Values describe how we want to behave now and always, what we want to be known for, and how we want to treat the world around us. They help us grow and develop, they inspire us, motivate us, and make our lives meaningful. Living by our values means consciously choosing to focus on what matters to us. When the going gets tough, choosing to behave according to our values motivate us and keeps us going.
In targets-based living, the focus is on targets and achievement. When we hit the target, we celebrate and move on, starting another long haul to another target. A classic example for me would be passing a big exam eg FRCS. I felt that I should be exuberant and celebrating, but really just felt tired and was glad it was all over. Target hit yes, but not much satisfaction. At neuro-chemical level people talk about dopamine: it is the neurotransmitter of desire and very powerful, but desire is NOT the same as happiness. Of course if we don't hit the target, then the world ends of the only thing that means anything to you is the target. Furthermore, sometimes we don't achieve the target because it is simply not in our control - a good example would be those trainees who had careers interrupted by Covid.
In values-based living, the focus is on behaving in a way that our values direct. You can start doing that right now. How you choose to behave is much more in your control than externally-determined targets. And no matter what happens, you always have a choice in how you behave.
The dichotomy in target vs values-based living is similar to fixed vs growth mindset.

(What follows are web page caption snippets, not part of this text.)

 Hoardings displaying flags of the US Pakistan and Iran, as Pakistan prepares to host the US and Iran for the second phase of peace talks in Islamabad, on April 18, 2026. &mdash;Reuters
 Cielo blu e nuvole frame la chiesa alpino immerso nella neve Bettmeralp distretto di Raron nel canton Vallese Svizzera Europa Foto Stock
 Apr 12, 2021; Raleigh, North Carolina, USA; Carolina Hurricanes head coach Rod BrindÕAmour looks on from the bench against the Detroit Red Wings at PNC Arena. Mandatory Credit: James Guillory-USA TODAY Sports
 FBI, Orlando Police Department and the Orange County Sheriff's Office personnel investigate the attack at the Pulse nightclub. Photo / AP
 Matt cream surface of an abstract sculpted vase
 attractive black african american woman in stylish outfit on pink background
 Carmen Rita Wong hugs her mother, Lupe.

Values-based living means knowing what we want and consciously choosing what to do, but that doesn't necessarily bring happiness. Many people think that they should feel happy all the time, but that isn't the reality of life. Evolution gave us brains designed to spot danger so we don't get eaten, brains that are constantly comparing us with others in our peer group to make sure we don't get thrown out of the cave to a certain death, and brains that are constantly wanting more because who knows when there will next be apples in the tree. None of that has anything to do with happiness, it is to do with survival.

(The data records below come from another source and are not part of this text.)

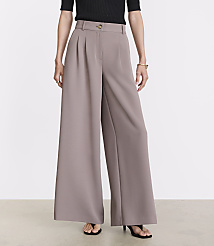 A person stands in wide-leg taupe pants and black heels against a plain white background. carousel Product Image 2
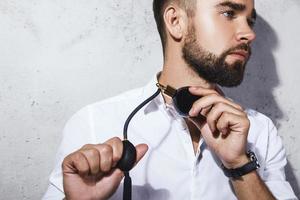 Handsome bearded man is using atomizer nozzle with perfume photo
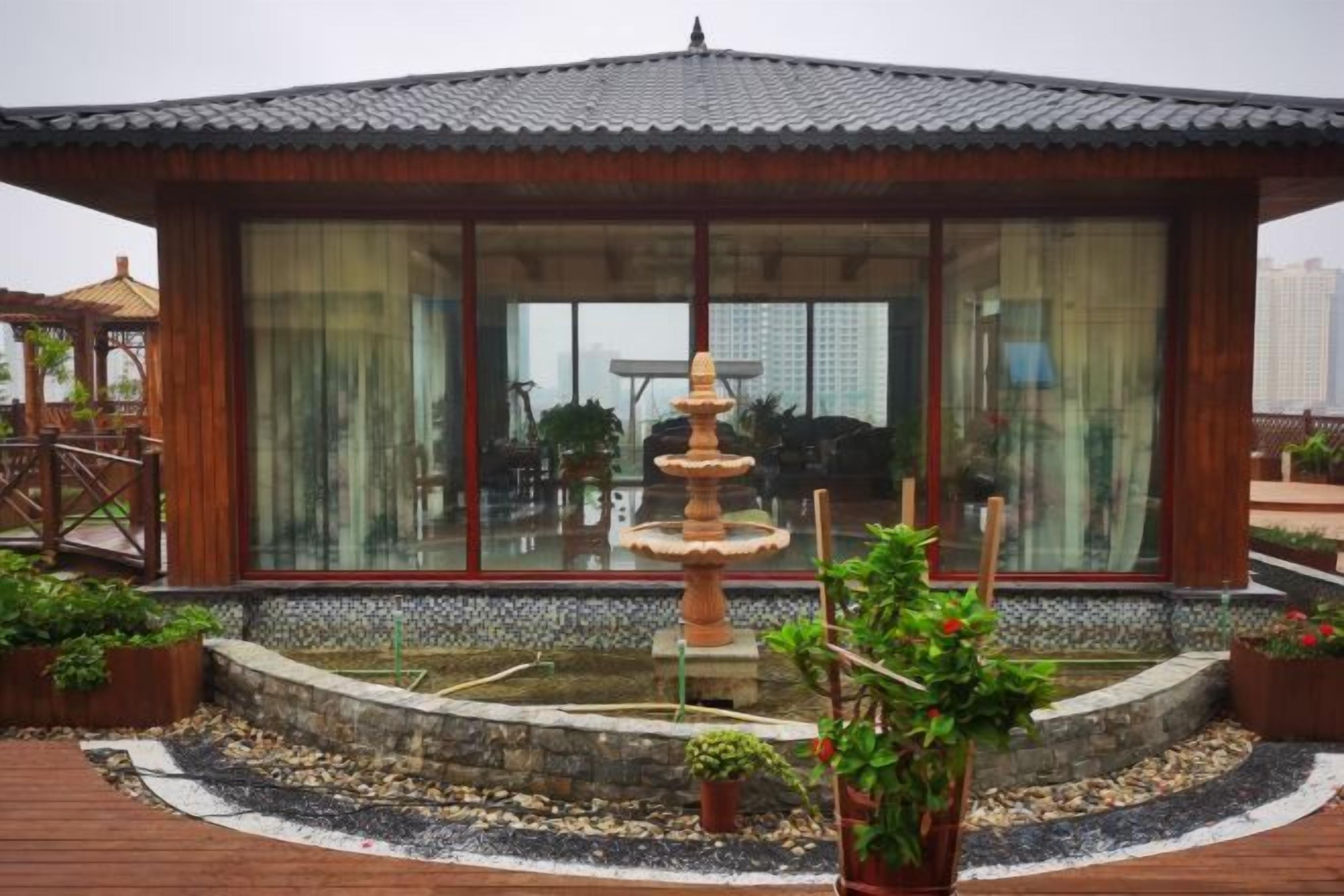 A building with a tiled roof, large windows, and a central fountain.
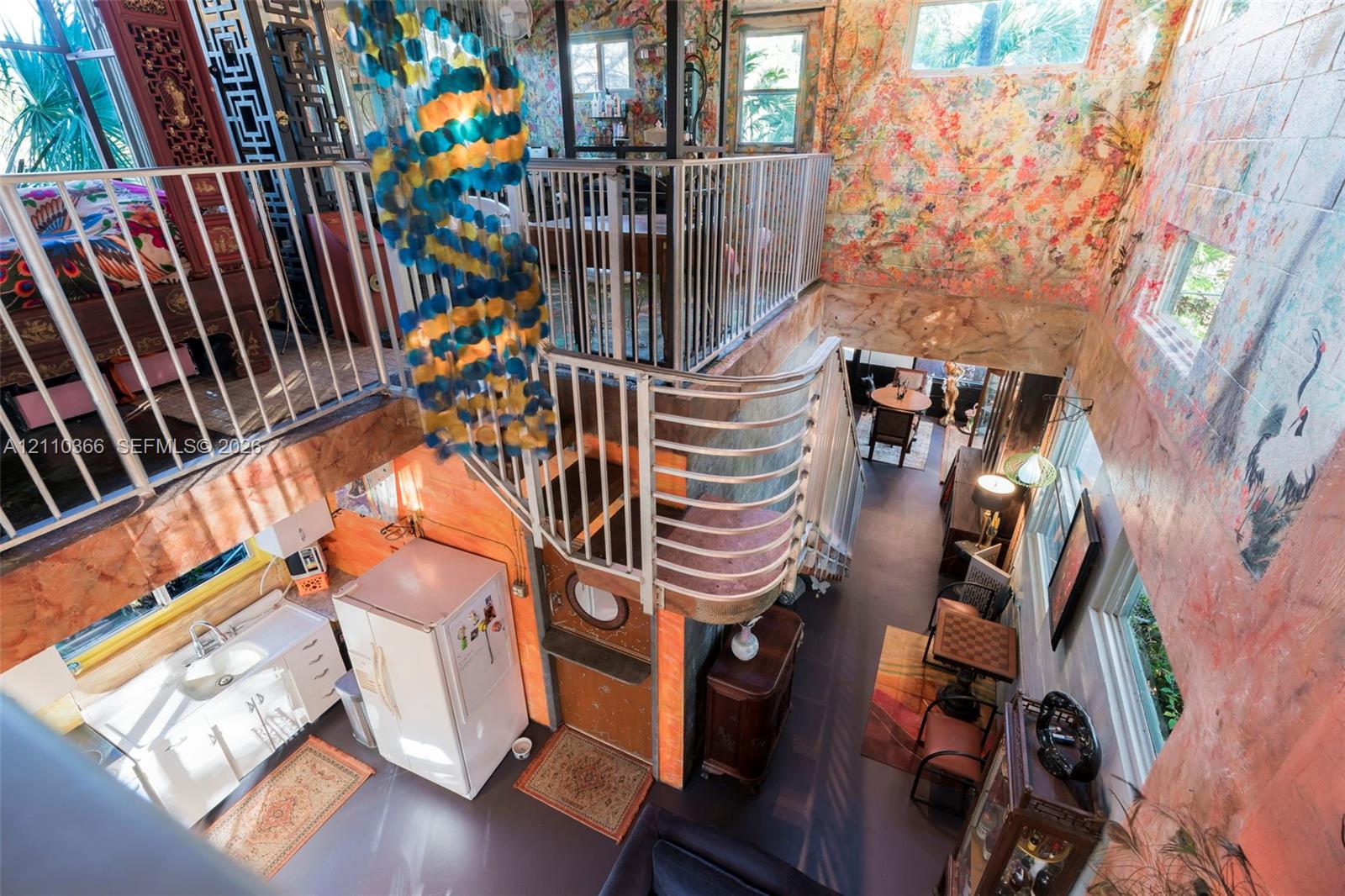 Multi-level interior featuring a mezzanine with metal railings, a curved staircase, floor-to-ceiling mural walls, and multiple clerestory windows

The evolutionary consequences of our survival-focused brain means that our brain is always worrying, comparing and wanting. The brain is a problem solving tool, and good it is too at solving logical puzzles in our environment. However, when the same problem-solving approach is applied to our inner experiences, feelings and emotions, we hit a problem; our inner lives become a puzzle to be solved instead as something to be experienced, and the usual logic that applies to the outside world doesn't exist when dealing with our psychology. So the "myth of happiness" is born: we expect that life should always be happy which it often is not, and the same problem-solving brain that is such an evolutionary advantage sometimes works against us when we try to use analysis and logic to deal with emotions. The human mind is not naturally positive and happy; rather, it is naturally negative, criticising, judging, and catastrophising because that is what gives evolutionary survival advantage. Western psychology and healthcare often tends to see the negative mind as pathological and suffering from "Prozac-deficiency"; Eastern philosophies and religions recognise the tendency towards negative and develop mindfulness practices (yoga, meditation) as a conduit to acceptance and values-based living.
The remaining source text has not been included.